Brief: The entries below contain a line with "Raptor Front Row" and a line with "25% Off Fat Loss Stack". Retype exactly everything from the first down to the second, both included, and nothing else.

Exercise material:

-=-=-=-=-

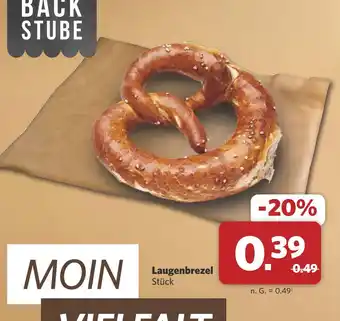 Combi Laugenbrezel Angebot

-=-=-=-=-

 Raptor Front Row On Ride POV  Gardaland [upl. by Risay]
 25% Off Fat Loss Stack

-=-=-=-=-

Answer to this task:
 Raptor Front Row On Ride POV  Gardaland [upl. by Risay]
 25% Off Fat Loss Stack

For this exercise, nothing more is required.